We have two areas: on field and off field. Off field the club had done OK when I came on board. We were transitioning from AAMI Stadium, Adelaide Oval was new in the future but if we looked at our commercial benchmarking and the core areas of our commercial business – membership, ticketing, sponsorships, partnerships – the general areas we get money into the club, we were probably average and in some of those areas below average. But probably the perception out there was that we were pretty good. So coming in I found myself probably wanting to help the club change that and work those benchmarks so we were a leading club in the AFL. A number of those things have turned around and have started to improve. Attendance is number one in the AFL, membership is growing, our fan base is far, wide and strong, we are probably in the top four when it comes to avid fans. The football club monetises the fan base so whether you buy a piece of merchandise or go to a game, that’s how we make money as a football club. Our fans have been super supportive and last year most of our games were sold out and in light of that our partnerships and sponsorships have grown and our merchandise and the way we sell that also has probably moved us into the top echelon of AFL clubs.
We’ve got a women’s team starting up and we’ve had good sponsorship backing for that team, participation numbers are growing. What I’m really happy about as a past player is that we’ve got growth in a very competitive professional sport.

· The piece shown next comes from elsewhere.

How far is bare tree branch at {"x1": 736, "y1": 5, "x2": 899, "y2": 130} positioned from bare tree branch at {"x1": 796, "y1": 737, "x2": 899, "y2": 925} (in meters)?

Has being a past player with the club helped you in your off-field role?
I think it has helped but being a past player doesn’t mean much. You’ve got to have other capabilities to be able to do the role, everything from managing people, managing performance, having at times tough conversations, giving and receiving feedback. I think what being a past player has done, it’s given me the ability to where necessary make comment in regards to football – I don’t do that very often – but I can say my opinion because I’ve played the game. The football department is well led and they’ve got good people so being a past player just gives you some confidence in that field of football.
What does the future hold for Nigel Smart?
Life is incredibly short. My father passed away quite young at 56. I’m 47 so it gives me a benchmark in terms of you don’t have long on the earth so you want to make it count. What I do understand is that without a complete focus you are not going to perform and you are not going to do it with quality. My focus is on the footy club now and certainly getting 2017 commercially set so we can succeed and outside of that family and experiences are going to be a very important combination for me.